RE: [EXT] Re: [RFC 00/12] ARM: MPAM: add support for priority partitioning control

From: Amit Singh Tomar
Date: Tue Aug 22 2023 - 08:44:41 EST


Hi Reinette,

Thanks for having a look!

-----Original Message-----
From: Reinette Chatre <reinette.chatre@xxxxxxxxx>
Sent: Friday, August 18, 2023 12:41 AM
To: Amit Singh Tomar <amitsinght@xxxxxxxxxxx>; linux-kernel@xxxxxxxxxxxxxxx; linux-arm-kernel@xxxxxxxxxxxxxxxxxxx
Cc: fenghua.yu@xxxxxxxxx; james.morse@xxxxxxx; George Cherian <gcherian@xxxxxxxxxxx>; robh@xxxxxxxxxx; peternewman@xxxxxxxxxx; Luck, Tony <tony.luck@xxxxxxxxx>
Subject: [EXT] Re: [RFC 00/12] ARM: MPAM: add support for priority partitioning control

External Email

----------------------------------------------------------------------
(+Tony)

Hi Amit,

On 8/15/2023 8:27 AM, Amit Singh Tomar wrote:
> Arm Memory System Resource Partitioning and Monitoring (MPAM) supports
> different controls that can be applied to different resources in the
> system For instance, an optional priority partitioning control where
> priority value is generated from one MSC, propagates over interconnect
> to other MSC (known as downstream priority), or can be applied within
> an MSC for internal operations.
>
> Marvell implementation of ARM MPAM supports priority partitioning
> control that allows LLC MSC to generate priority values that gets
> propagated (along with read/write request from upstream) to DDR Block.
> Within the DDR block the priority values is mapped to different traffic class under DDR QoS strategy.
> The link[1] gives some idea about DDR QoS strategy, and terms like
> LPR, VPR and HPR.
>
> Setup priority partitioning control under Resource control
> ----------------------------------------------------------
> At present, resource control (resctrl) provides basic interface to
> configure/set-up CAT (Cache Allocation Technology) and MBA (Memory Bandwidth Allocation) capabilities.
> ARM MPAM uses it to support controls like Cache portion partition
> (CPOR), and MPAM bandwidth partitioning.
>
> As an example, "schemata" file under resource control group contains
> information about cache portion bitmaps, and memory bandwidth
> allocation, and these are used to configure Cache portion partition (CPOR), and MPAM bandwidth partitioning controls.
>
> MB:0=0100
> L3:0=ffff
>
> But resctrl doesn't provide a way to set-up other control that ARM
> MPAM provides (For instance, Priority partitioning control as
> mentioned above).

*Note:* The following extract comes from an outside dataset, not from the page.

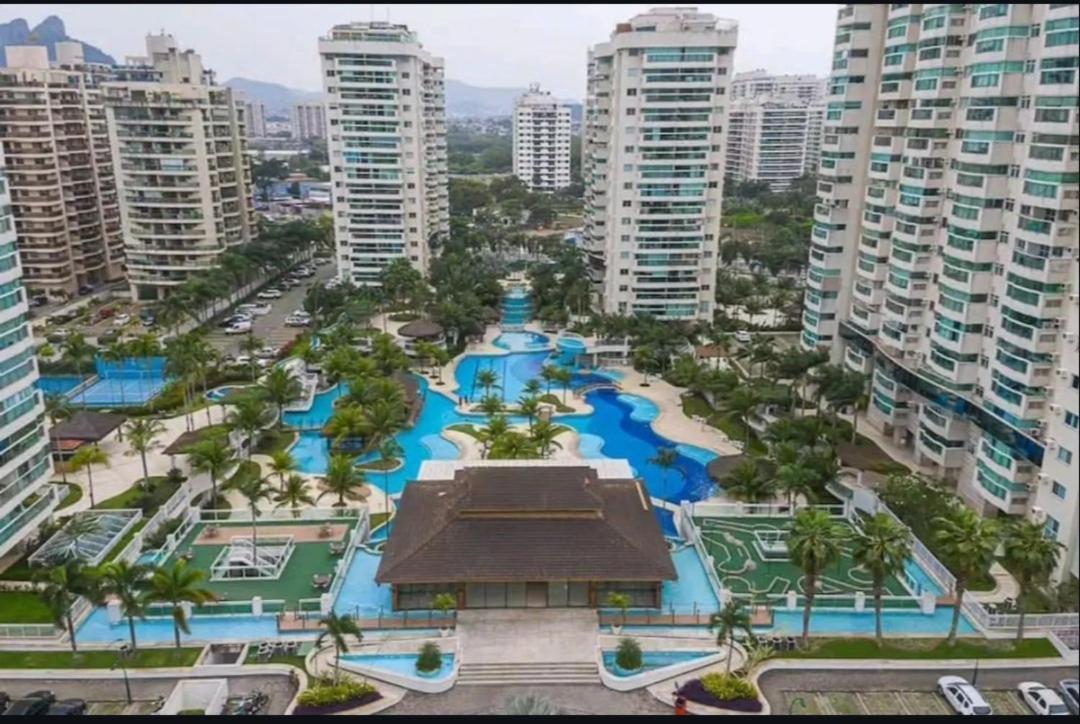 Bora Bora Barra Resort Rio de Janeiro Exteriér fotografie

To support this, James has suggested to use already
> existing schemata to be compatible with portable software, and this is
> the main idea behind this RFC is to have some kind of discussion on how resctrl can be extended to support priority partitioning control.
>
> To support Priority partitioning control, "schemata" file is updated
> to accommodate priority field (upon priority partitioning capability
> detection), separated from CPBM using delimiter ",".
>
> L3:0=ffff,f where f indicates downstream priority max value.
>
> These dspri value gets programmed per partition, that can be used to
> override QoS value coming from upstream (CPU).
>
> RFC patch-set[2] is based on James Morse's MPAM snapshot[3] for 6.2,
> and ACPI table is based on DEN0065A_MPAM_ACPI_2.0.
>

There are some aspects of this that I think we should be cautious about. First, there may inevitably be more properties in the future that need to be associated with a resource allocation, these may indeed be different between architectures and individual platforms. Second, user space need a way to know which properties are supported and what valid parameters may be.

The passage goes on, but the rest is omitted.